In the **Categories** section, the **Measure diversity per category** checkbox
triggers the calculation of the average diversity by category. The
**Annotation key** drop-down menu allows the user to select the annotation
key whose values will be used for the category definitions. The **Weigh by
frequency** checkbox allows the user to enable the weighing by the category
frequency.

The **Contexts** section is available in several variants depending on the
value selected in the **Mode** drop-down menu. The latter allows the user to
choose among the context specification modes described above. The **No
context** mode corresponds to the case where the variety measure is applied
globally to the entire unit segmentation.

The **Sliding window** mode (see :ref:`figure 2 <variety_fig2>`) implements
the notion of a "sliding window" introduced earlier. It allows the user to
observe the evolution of variety throughout the segmentation. The only
parameter is the window size (in number of segments), set by means of the
**Window size** cursor.

.. _variety_fig2:

.. figure:: figures/count_mode_sliding_window_example.png
    :align: center
    :alt: Variety widget in mode "Sliding window"

    Figure 2: **Variety** widget (**Sliding window** mode).

.. _variety_fig3:

.. figure:: figures/count_mode_containing_segmentation.png
    :align: center
    :alt: Variety widget in mode "Containing segmentation"

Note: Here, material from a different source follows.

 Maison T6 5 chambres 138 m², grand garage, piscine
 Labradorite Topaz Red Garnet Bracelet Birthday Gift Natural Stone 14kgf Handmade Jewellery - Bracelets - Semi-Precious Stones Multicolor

    Figure 3: **Variety** widget (**Containing segmentation** mode).

Finally, the **Containing segmentation** mode (see :ref:`figure 3
<variety_fig3>`) corresponds to the case where the contexts are defined by the
segment types appearing in a given segmentation. This segmentation is selected
among the input segmentations by means of the **Segmentation** drop-down menu.
The **Annotation key** menu shows the possible annotation keys associated to
the selected segmentation; if one of these keys is selected, the corresponding
annotation values will constitute the row headers; if on the other hand the
value *(none)* is selected, the *content* of the segments will be used. The
**Merge contexts** checkbox allows the user to measure the variety globally in
the entire segmentation that defines the contexts.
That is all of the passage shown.